3.5 Each Grant Agreement and Deed of Variation includes reporting requirements for recipients of NCRIS funding. Grant Agreements contain clauses which allow for monitoring and evaluation, including that grantees provide Education with an Annual Activity Plan, Mid-Year Activity Report, and Annual Report. Templates for these are provided in the Grant Agreement. The Grant Agreement also establishes powers to collect information through ad-hoc reports. Key performance indicators (KPIs) are required for each grant activity, and are to be reported in each Mid-Year Activity Report and Annual Report. These reporting arrangements are outlined in Figure 3.1.

Figure 3.1: Performance reporting arrangements for NCRIS facilities

This figure shows the process for the provision of reporting documents from NCRIS facilities and the assessment of reporting information received by the Department of Education on an annual basis.

Source: ANAO analysis of Education documentation.

3.6 The ANAO examined Education’s assessment of reporting using a selection of six (of 26) NCRIS grant recipients with reporting obligations between 2022 and 2025. Education collects and assesses the Annual Activity Plan, Mid-Year Report and Annual Report provided by NCRIS grant recipients, and approves each milestone payment following approval of the milestone report. Education assesses risks, compliance, project performance and organisational processes, procedures and systems to produce the information (including value for money considerations from 2025).

3.7 In cases where assessment identified issues in reporting, Education sought more information from the grant recipient, and required resubmission with improved information. If Education does not accept submitted reporting, grant milestone payments may be withheld, but this has not occurred since 2021.

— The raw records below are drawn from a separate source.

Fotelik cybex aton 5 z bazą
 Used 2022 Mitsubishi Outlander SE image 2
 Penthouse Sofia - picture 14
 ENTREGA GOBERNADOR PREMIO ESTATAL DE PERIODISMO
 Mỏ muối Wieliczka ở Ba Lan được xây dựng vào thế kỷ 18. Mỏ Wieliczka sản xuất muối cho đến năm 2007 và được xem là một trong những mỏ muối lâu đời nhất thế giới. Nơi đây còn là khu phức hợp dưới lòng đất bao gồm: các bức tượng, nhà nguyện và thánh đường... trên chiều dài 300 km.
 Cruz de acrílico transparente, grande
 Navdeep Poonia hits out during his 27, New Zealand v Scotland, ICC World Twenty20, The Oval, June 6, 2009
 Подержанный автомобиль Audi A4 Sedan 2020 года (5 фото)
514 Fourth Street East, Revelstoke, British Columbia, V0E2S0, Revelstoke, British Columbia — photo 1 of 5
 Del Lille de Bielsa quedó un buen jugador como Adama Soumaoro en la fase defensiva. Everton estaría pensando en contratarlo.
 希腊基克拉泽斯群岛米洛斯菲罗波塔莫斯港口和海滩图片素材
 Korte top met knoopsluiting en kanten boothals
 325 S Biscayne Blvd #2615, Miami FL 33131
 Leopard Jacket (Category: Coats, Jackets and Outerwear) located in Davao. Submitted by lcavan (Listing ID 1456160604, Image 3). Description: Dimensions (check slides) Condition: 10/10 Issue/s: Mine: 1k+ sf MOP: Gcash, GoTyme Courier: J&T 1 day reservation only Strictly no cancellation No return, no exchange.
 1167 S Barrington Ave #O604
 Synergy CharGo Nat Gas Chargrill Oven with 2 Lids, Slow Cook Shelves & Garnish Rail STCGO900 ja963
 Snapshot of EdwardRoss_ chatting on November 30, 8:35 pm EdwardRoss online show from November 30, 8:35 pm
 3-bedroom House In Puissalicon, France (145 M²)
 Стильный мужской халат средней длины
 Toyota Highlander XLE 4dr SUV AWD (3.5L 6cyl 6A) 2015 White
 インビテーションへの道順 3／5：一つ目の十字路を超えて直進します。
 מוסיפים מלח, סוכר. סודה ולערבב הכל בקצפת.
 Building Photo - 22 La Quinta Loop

3.8 ANAO testing identified the following deficiencies in Education’s assessment of reporting:

  • Education does not have an assurance process over the information provided by grant recipients.
  • While Education collates risks reported in the Mid-Year and Annual Reports, it has not established an approach to ensuring these risks are managed effectively.
  • In Education’s assessment of performance:
    • KPIs ‘vary in breadth and consistency’, and are sometimes ‘very vague or non-existent’, which creates challenges for measuring facility and program performance (paragraph 3.11); and
    • it does not use information from the reports to evaluate the grant program to measure how well program outcomes and objectives have been achieved (paragraphs 3.14 to 3.17).
  • No compliance visits or record inspections were conducted between 2022 and 2025 (see paragraph 3.17).
European Molecular Biology Laboratory associate membership reporting requirements

3.9 Under the agreement between the EMBL and Australia, there are no requirements for monitoring and performance reporting — no regular reporting in relation to the EMBL associate membership is submitted to and assessed by Education.

Work underway to improve monitoring of NCRIS facilities

3.10 A draft KPI framework was developed to encourage better practice and presented to a Reporting Working Group of NCRIS Directors49 on 9 August 2023. Education implemented the framework in its assessment of the Mid-Year Report 2023–24 and Annual Activity Plan 2024–25. ANAO examined the KPIs collected by NCRIS facilities in 2025–26 (see Table 3.1). All facilities examined had KPIs relating to governance and management, engagement, and service delivery, but other kinds of KPIs were more specific to the NCRIS facility.

Table 3.1: Number of NCRIS projects with KPIs by activity type for 2025–26

Activity type

Number of facilities with KPI(s) of activity type

Proportion of total NCRIS facilitiesa (%)

Governance and management

26

100

Engagement

26

100

Service delivery

26

100

Infrastructure usage

19

73

Research infrastructure impact

20

77

Data — processing and linkage

12

46

Data — collections and observations

15

58

Otherb

16

62

     

Note a: A total of 26 projects receive NCRIS funding and report against KPIs. The European Molecular Biology Laboratory is an associate membership and does not provide reporting KPIs.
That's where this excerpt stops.